Les fondateurs de la ferme souhaitent amasser 75 000 $ de développer pour aider à atteindre cet objectif, et ont déjà recueilli 15 000 $. Ils espèrent que Handèwa servira à terme de modèle à d'autres qui partagent les mêmes objectifs et souhaitent créer des fermes dans d'autres États.

Le mot «Handèwa» signifie «générationnel» en langue Tutelo-Saponi et les membres de la ferme sont intergénérationnels. La mère de Jeffries, Kisha, et sa sœur, Abigail, sont membres fondateurs de Handèwa. Pour Kisha, travailler avec ses filles à la ferme ne pouvait pas être plus significatif. Elle a toujours voulu faire de la ferme, ayant grandi en mangeant de la nourriture que sa grand-mère cultivait dans son jardin. Son arrière-grand-père était également agriculteur.
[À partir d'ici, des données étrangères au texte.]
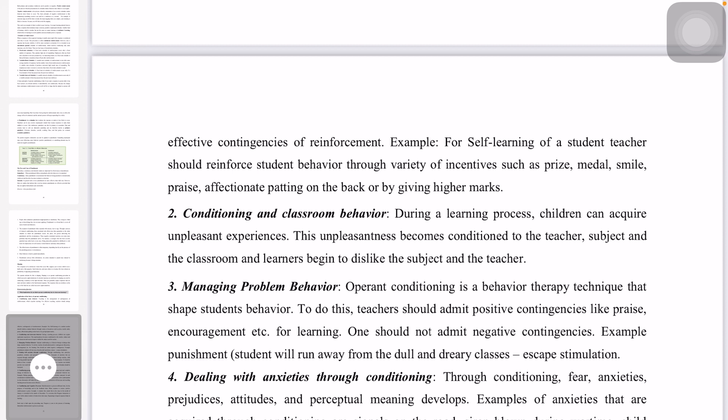Managing problem behavior with operant conditioning and behavioral therapy — the teacher should admit positive contingencies like praise and encouragement. Don't reject or mismanage behavior; instead apply positive contingency.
«C’est magnifique, sachant que je travaille aux côtés de mes filles pour un objectif commun, qui est la durabilité des générations, la richesse et l’histoire», dit-elle. «Je veux que ça continue. Je veux que les enfants de mes enfants le sachent pour les générations à venir. »

Abigail Jeffries est membre fondateur de Handèwa Farms. Photo de Christian Wilson

Les autres membres fondateurs comprennent Will Jenifer, Chaka Harley et le partenaire de Holts, Kiaro. La plupart des membres fondateurs se sont rencontrés à travers la musique (car ce sont des musiciens). Ils ont tous un autre travail, mais veulent pouvoir vivre un jour de Handèwa.

Et surtout, ils envisagent que cela pourvoira à leurs propres descendants dans les années à venir.